David Luban is University Professor in Law and Philosophy at Georgetown University Law Center. His books include Lawyers and Justice: An Ethical Study, Legal Modernism, Legal Ethics and Human Dignity, and most recently Torture, Power, and Law (Cambridge UP, 2014), which won the American Publishers’ Association PROSE Award in philosophy.

Luban is a member of the American Academy of Arts and Sciences, and has been a Guggenheim Fellow, a Woodrow Wilson Fellow, and a Fellow of the Institute for Advanced Studies (Jerusalem). He is on the editorial boards of Ethics & International Affairs and Legal Ethics, and is a founding editor of the weblog Just Security. Luban has lectured widely, both in the U.S. and in eighteen other countries.

Currently he is Distinguished Visitor in Ethics at the Stockdale Center for Ethical Leadership, U.S. Naval Academy. He has held visiting chairs at Fordham, Harvard, Stanford, and Yale Law Schools, and also taught as a visiting professor at the University of Melbourne and the Interdisciplinary Center (Israel). His research centers on international criminal law, legal ethics, just war theory, national security, and legal theory. His particular interest is the erosion of moral responsibility in organizational settings. At the moment, he is writing a book on the legal and moral philosophy of Hannah Arendt.

Julie R. O'Sullivan
Professor of Law
Georgetown University Law Center

Julie O'Sullivan is a professor at the Georgetown University Law Center. After graduating from Cornell Law School summa cum laude, Professor O’Sullivan clerked for Chief Judge Levin Campbell of the United States Court of Appeals for the First Circuit and then for Justice Sandra Day O’Connor of the United States Supreme Court.

She spent five years with Davis Polk & Wardwell in New York, where she worked on mergers and acquisitions litigation as well as white-collar criminal defense matters. Her experience at Davis Polk included work on U.S. v. REI, a lengthy and complex public corruption case, and the BCCI case, where she worked with Robert Fiske in the defense of First American Bank, Clark Clifford, and Robert Altman.

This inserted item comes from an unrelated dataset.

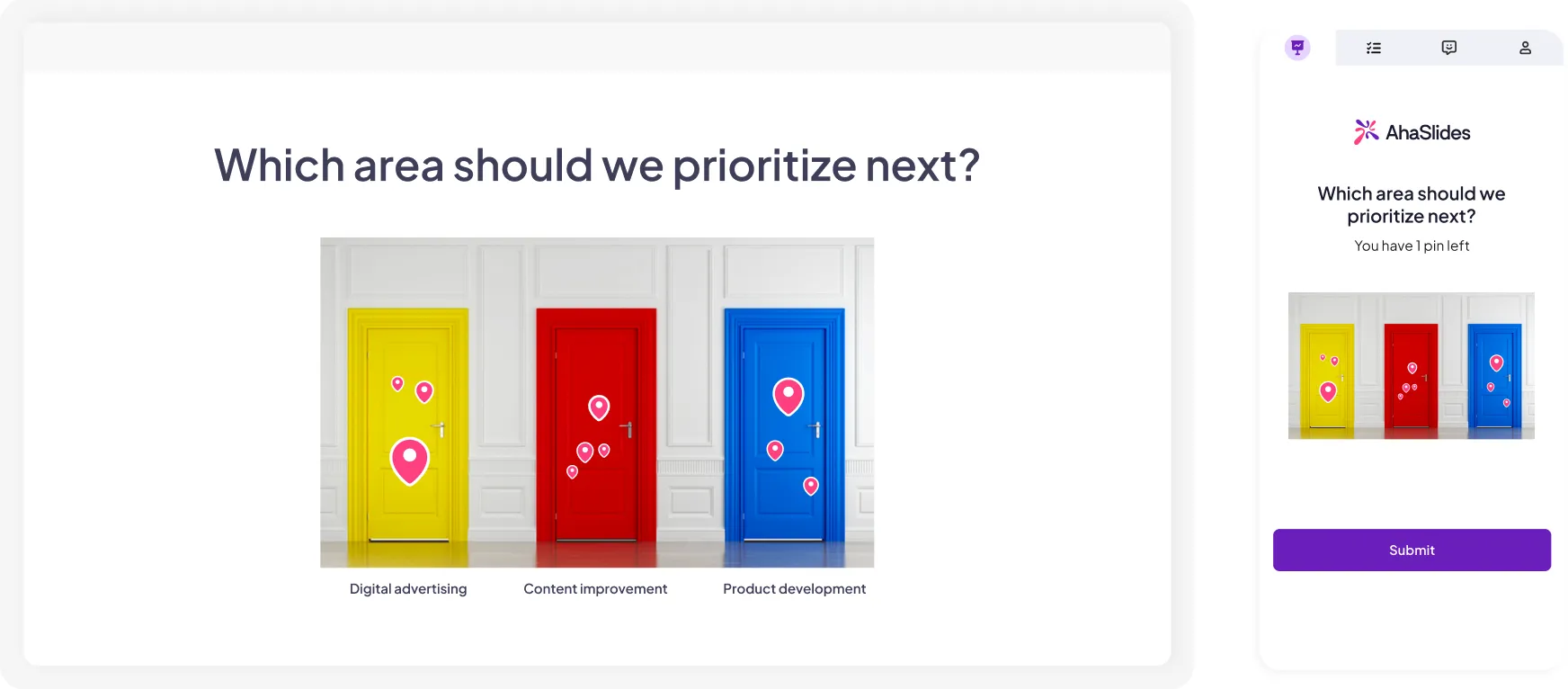 En kort svarquiz på AhaSlides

In 1991, Professor O’Sullivan joined the Criminal Division of the United States Attorney’s Office for the Southern District of New York as an Assistant United States Attorney. There, she spent most of her time prosecuting major white-collar crimes. She and another AUSA successfully prosecuted the largest bank fraud case in the country at the time, and the first to be brought under the financial kingpin statute.

Professor O’Sullivan was then recruited by Robert Fiske, the newly appointed independent counsel for the Whitewater investigation, to join his staff in Little Rock, Arkansas, as associate counsel. She worked for Mr. Fiske, and briefly for Ken Starr, before commencing her teaching career at Georgetown in 1995.

Also in 1995, on appointment by the Supreme Court, she successfully briefed and argued a case on behalf of an indigent petitioner in a case pending before that Court. Professor O’Sullivan has written many articles and the leading casebook on white-collar crime and is a recognized expert on both the federal sentencing guidelines and white-collar criminal law.

Professor O’Sullivan is increasingly interested in the subject of cross-border criminality and law enforcement. With Professors David Luban and David Stewart, she published a casebook on International and Transnational Criminal Law. She has taught international criminal law in London and Dublin as well as Georgetown. In 2010, she served as a visiting professional at, and then a consultant for, the Office of the Prosecutor of the International Criminal Court.

David P. Stewart
Professor from Practice
Georgetown University Law Center

David P. Stewart is Professor from Practice at Georgetown University Law Center. Professor Stewart joined the Georgetown Law faculty in 2008 following his retirement from the U.S. Department of State after 33 years of service, including as Assistant Legal Adviser for Law Enforcement and Intelligence. He also served as Assistant Legal Adviser for Private International Law, for Diplomatic Law and Litigation, for African Affairs, for Human Rights and Refugees, and for International Claims and Investment Disputes, as well as Special Assistant to the Legal Adviser.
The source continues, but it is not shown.